Reading large Excel files with Pandas
Last week I took part in a Dataviz Battle on the dataisbeautiful subreddit, where we had to create a visualization from the TSA claims dataset. I like these kind of competitions because most of the time you end up learning a lot of useful things along the way.
This time the data was quite clean, but it was scattered across several PDF files and Excel files. In the process of extracting data from PDFs I got to know some tools and libraries, and in the end I used tabula-py, a Python wrapper for the Java library tabula. As for the Excel files, I found out that a one-liner - a simple pd.read_excel
- wasn’t enough.
The biggest Excel file was ~7MB and contained a single worksheet with ~100k lines. I though Pandas could read the file in one go without any issue (I have 10GB of RAM on my computer), but apparently I was wrong.
The solution was to read the file in chunks. The pd.read_excel
function doesn’t have a cursor like pd.read_sql
, so I had to implement this logic manually. Here is what I did:
import os
import pandas as pd
HERE = os.path.abspath(os.path.dirname(__file__))
DATA_DIR = os.path.abspath(os.path.join(HERE, '..', 'data'))
def make_df_from_excel(file_name, nrows):
"""Read from an Excel file in chunks and make a single DataFrame.
Parameters
----------
file_name : str
nrows : int
Number of rows to read at a time. These Excel files are too big,
so we can't read all rows in one go.
"""
file_path = os.path.abspath(os.path.join(DATA_DIR, file_name))
xl = pd.ExcelFile(file_path)
# In this case, there was only a single Worksheet in the Workbook.
sheetname = xl.sheet_names[0]
# Read the header outside of the loop, so all chunk reads are
# consistent across all loop iterations.
df_header = pd.read_excel(file_path, sheetname=sheetname, nrows=1)
print(f"Excel file: {file_name} (worksheet: {sheetname})")
chunks = []
i_chunk = 0
# The first row is the header. We have already read it, so we skip it.
skiprows = 1
while True:
df_chunk = pd.read_excel(
file_path, sheetname=sheetname,
nrows=nrows, skiprows=skiprows, header=None)
skiprows += nrows
# When there is no data, we know we can break out of the loop.
if not df_chunk.shape[0]:
break
else:
print(f" - chunk {i_chunk} ({df_chunk.shape[0]} rows)")
chunks.append(df_chunk)
i_chunk += 1
df_chunks = pd.concat(chunks)
# Rename the columns to concatenate the chunks with the header.

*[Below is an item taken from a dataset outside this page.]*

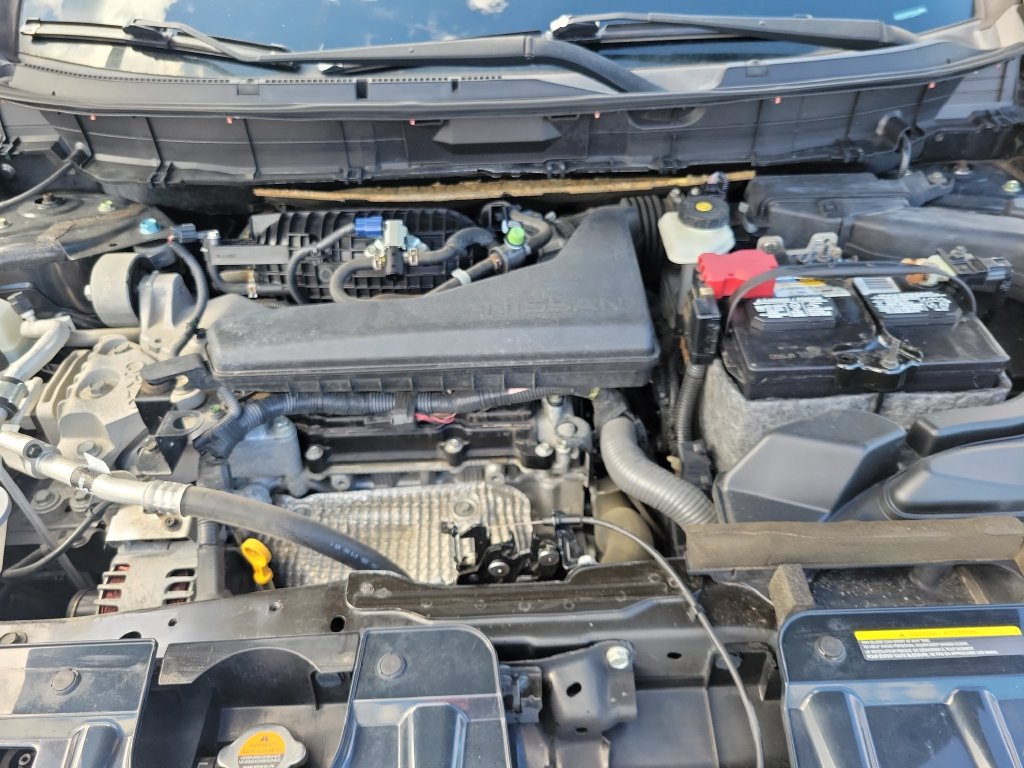 Used 2018 Nissan Rogue S FWD image 31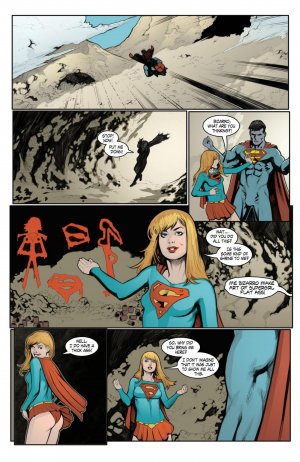 Bizarre Obsession- Superman (Shade) - Page 3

columns = {i: col for i, col in enumerate(df_header.columns.tolist())}
df_chunks.rename(columns=columns, inplace=True)
df = pd.concat([df_header, df_chunks])
return df
if __name__ == '__main__':
df = make_df_from_excel('claims-2002-2006_0.xls', nrows=10000)
Another thing to keep in mind. When working with Excel files in Python, you might need to use different packages whether you need to read/write data from/to .xls
and .xlsx
files.
This dataset contained both .xls
and .xlsx
files, so I had to use xlrd to read them. Please be aware that if your only concern is reading .xlsx
files, then openpyxl is the way to go, even if xlrd could still be faster.
This time I didn’t have to write any Excel files, but if you need to, then you want xlsxwriter. I remember having used it to create workbooks (i.e. Excel files) with many complex worksheets and cell comments. You can even use it to create worksheets with sparklines and VBA macros!